In 2003, Yamaha produced "A Tribute to Elton John," a philanthropic effort which brought together some of today's most popular artists to pay tribute to Sir Elton John and raise money for music education. The event raised $330,000. More than 16,000 people attended the concert at the Arrowhead Pond in Anaheim, California. Some of the artists that lent their talents to this special night included Elton John, Ray Charles, Bruce Hornsby, Jewel, Norah Jones, Diana Krall, John Mayer, Michael McDonald, Randy Newman, Take 6 and many more.

In 2000, Los Angeles' historic Shrine Auditorium was the setting for YEG's (formerly YASN) Michael McDonald tribute concert, "Michael McDonald – A Gathering of Friends," which is available on DVD. Performers on this night included Michael McDonald, Patti LaBelle, Edwin McCain, James Ingram, Kenny Loggins, Christopher Cross and The Doobie Brothers.

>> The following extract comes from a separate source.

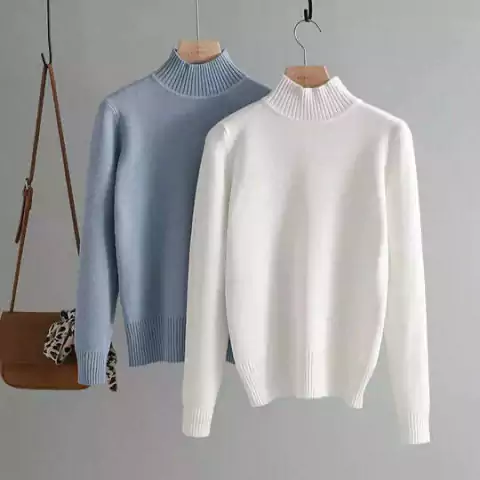 Blusa Tricot Joana Gola Alta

Other artists who have participated in Yamaha produced concerts include: Stevie Wonder, Tony Bennett, Sarah McLachlan, John Legend, Brad Paisley, Jason Isbell, Sheryl Crow, Butch Walker, Larry Mullen Jr., Jamie Cullum, Josh Groban, Gavin DeGraw, Al Jarreau, Natalie Cole, k.d. lang, Donna Summer, Al Green, Alicia Keys, Peter Frampton, Delbert McClinton, Kirk Franklin, Vanessa Carlton, Chaka Khan, Keb Mo, Phil Vassar, Five for Fighting, Sara Bareilles, The Fray, and Earth, Wind & Fire.

== All Access ==
Yamaha Entertainment Group is responsible for the development and production of All Access magazine. The award-winning Yamaha artist branded magazine reaches over 300,000 readers biannually and provides a sneak peek into the lives of Yamaha artists.

In January 2009, YASN (now YEG) debuted behind-the-scenes videos of the artists during the photo shoots. A contest to win a guitar signed by the cover artist Jason Mraz was also launched.

== Film ==
Yamaha Entertainment Group also produces films, ranging from short opening videos for Yamaha concerts to featurettes showcasing Yamaha's elite line-up of artists and documentaries.

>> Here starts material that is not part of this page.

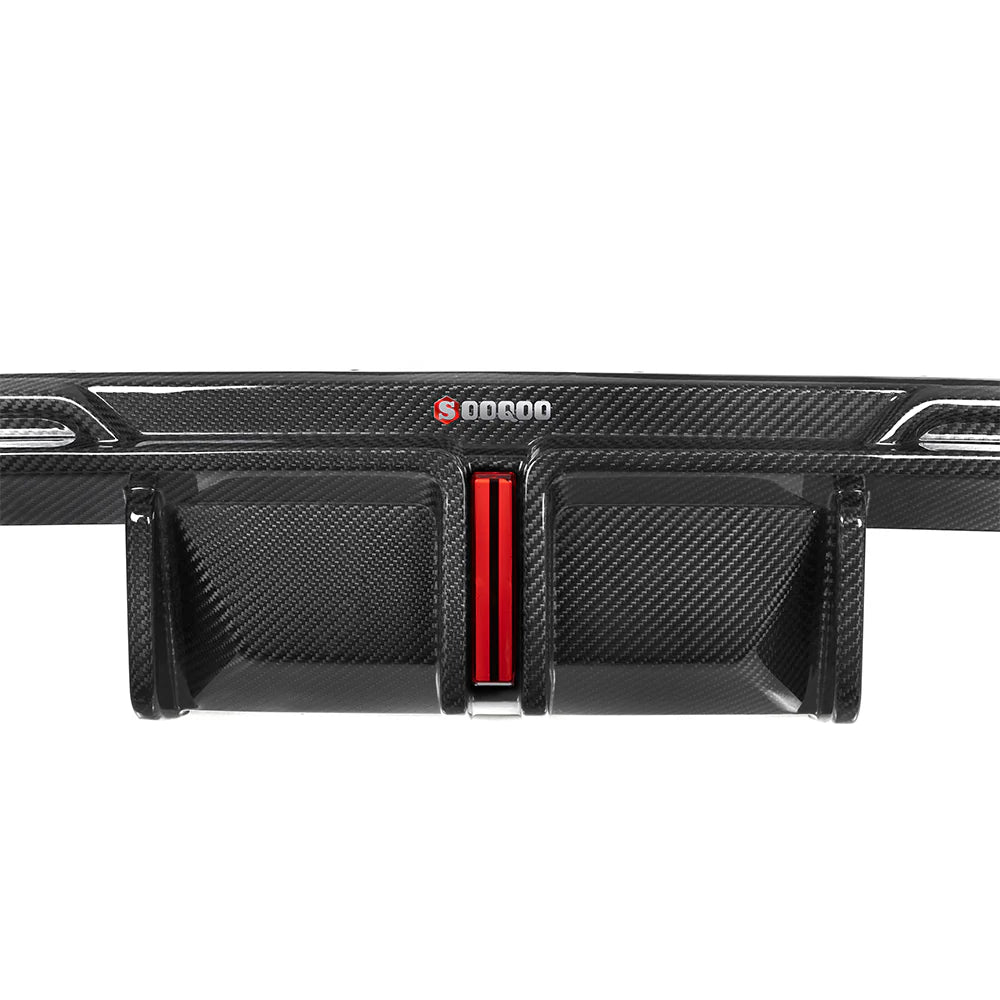 SOOQOO - Carbon Fiber Diffuser Type-A for BMW G82 M4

Yamaha Entertainment Group produced a full length concert film of Elton John's "The Million Dollar Piano", which was released through Cinema Live on March 18 and March 26, 2014 in 1,200 movie theaters throughout the world. YEG also produced and directed the 2014 DVD "Making The Million Dollar Piano," an hour-long documentary on the making of the custom-designed Yamaha piano featured in Elton John's Las Vegas show, "Million Dollar Piano." A short form of the DVD is part of a bundle package with John's album "The Diving Board," released by Best Buy. Yamaha Entertainment Group also produced a DVD release of the live show. The DVD was released July 1, 2014 and distributed by Eagle Rock Entertainment.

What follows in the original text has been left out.